Copy the data that appears below exactly. Drop the pictures.

- _DATASET SECTION_:
========
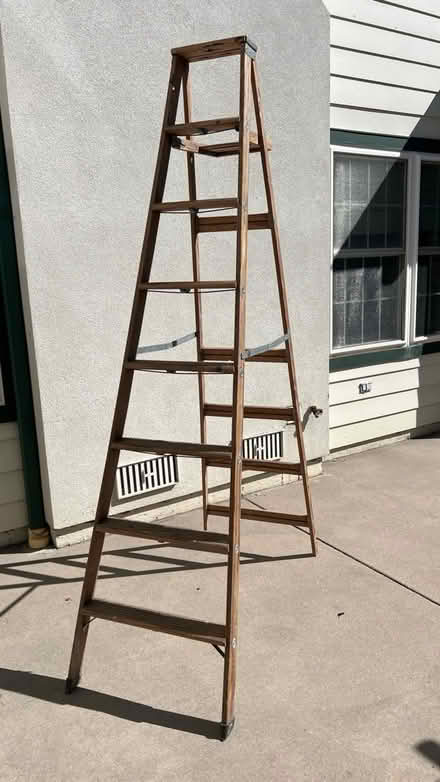 Photo of free 8-foot folding wood ladder (E Evans Ave & S Colorado Blvd) #1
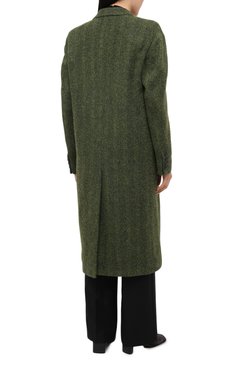 Женское шерстяное пальто DRIES VAN NOTEN зеленого цвета, арт. 202-10225-1260 | Фото 4 (Материал внешний: Шерсть; Рукава: Длинные; Стили: Классический; Длина (верхняя одежда): Длинные; 1-2-бортные: Двубортные; Материал подклада: Купро)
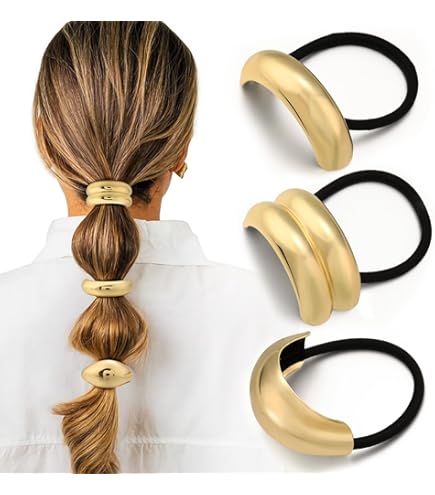 Amazon.com : 3PCS Silver Hair Ties, Metal Hair Ties for Thick Hair
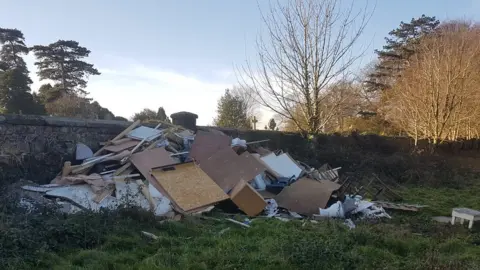 Rother District Council Rubbish dumped next door to Hastings Cemetery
========
- _OUTPUT_:
 Photo of free 8-foot folding wood ladder (E Evans Ave & S Colorado Blvd) #1
 Женское шерстяное пальто DRIES VAN NOTEN зеленого цвета, арт. 202-10225-1260 | Фото 4 (Материал внешний: Шерсть; Рукава: Длинные; Стили: Классический; Длина (верхняя одежда): Длинные; 1-2-бортные: Двубортные; Материал подклада: Купро)
 Amazon.com : 3PCS Silver Hair Ties, Metal Hair Ties for Thick Hair
 Rother District Council Rubbish dumped next door to Hastings Cemetery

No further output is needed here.